## [Exercise brief]
In the data below, locate the line containing "with Liner Lock" and the line containing "How to make", then retype both and everything between them exactly. Pictures are not part of the copy.

## [Data to process]
*****

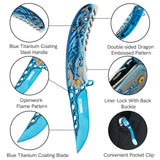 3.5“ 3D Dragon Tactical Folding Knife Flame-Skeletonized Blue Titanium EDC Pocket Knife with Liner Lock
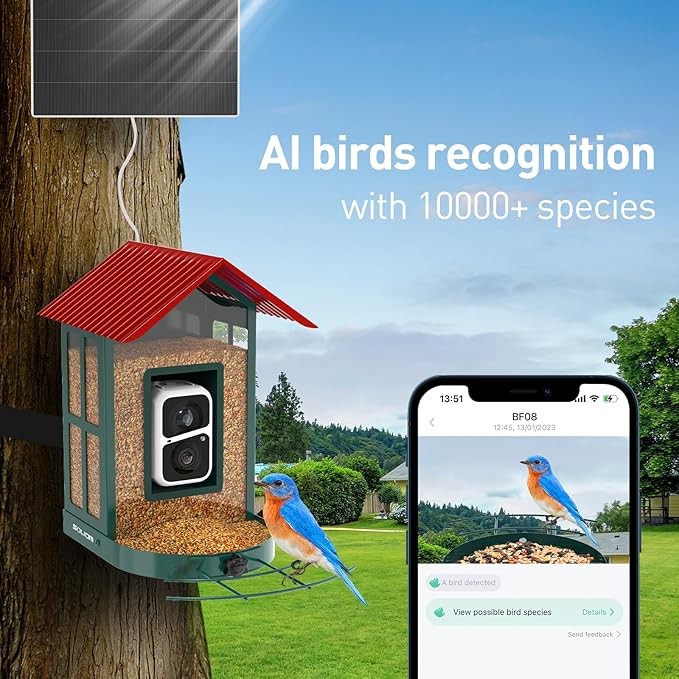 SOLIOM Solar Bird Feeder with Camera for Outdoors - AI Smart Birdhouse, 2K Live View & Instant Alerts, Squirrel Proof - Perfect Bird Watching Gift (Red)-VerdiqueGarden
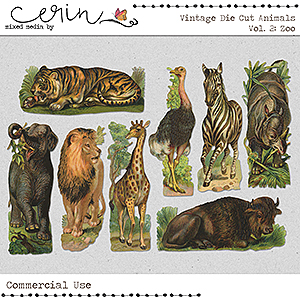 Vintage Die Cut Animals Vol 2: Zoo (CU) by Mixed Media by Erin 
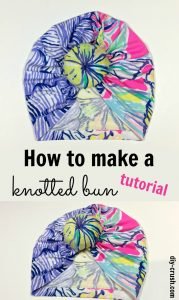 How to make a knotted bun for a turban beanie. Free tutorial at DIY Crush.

*****

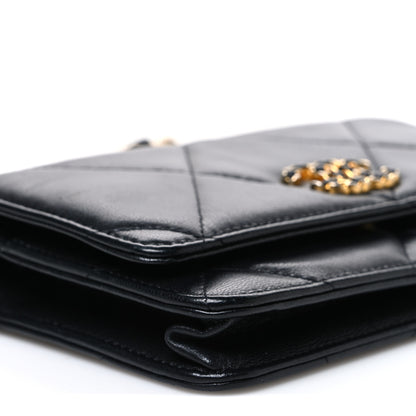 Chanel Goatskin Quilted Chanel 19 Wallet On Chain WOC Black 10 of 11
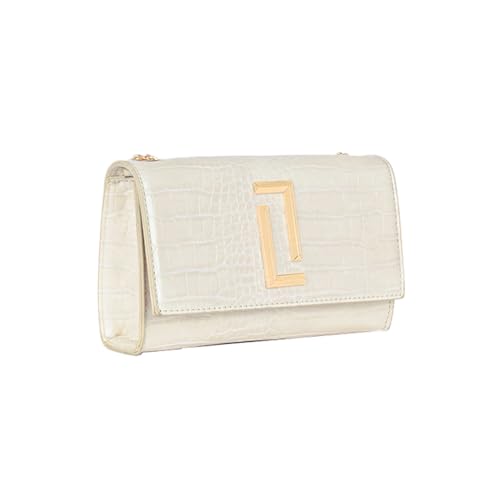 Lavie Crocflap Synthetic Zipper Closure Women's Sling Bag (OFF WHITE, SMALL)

*****

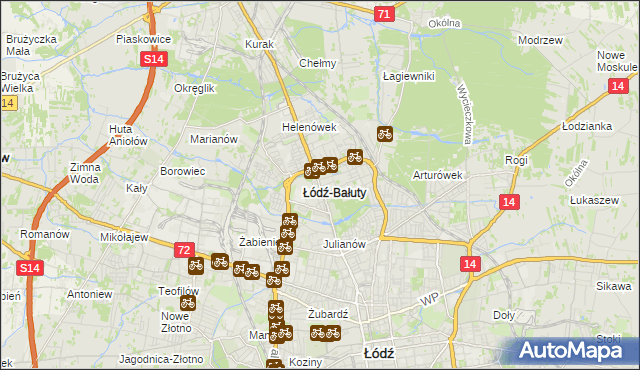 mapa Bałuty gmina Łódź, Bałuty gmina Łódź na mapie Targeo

*****

## [Answer for the task]
 3.5“ 3D Dragon Tactical Folding Knife Flame-Skeletonized Blue Titanium EDC Pocket Knife with Liner Lock
 SOLIOM Solar Bird Feeder with Camera for Outdoors - AI Smart Birdhouse, 2K Live View & Instant Alerts, Squirrel Proof - Perfect Bird Watching Gift (Red)-VerdiqueGarden
 Vintage Die Cut Animals Vol 2: Zoo (CU) by Mixed Media by Erin 
 How to make a knotted bun for a turban beanie. Free tutorial at DIY Crush.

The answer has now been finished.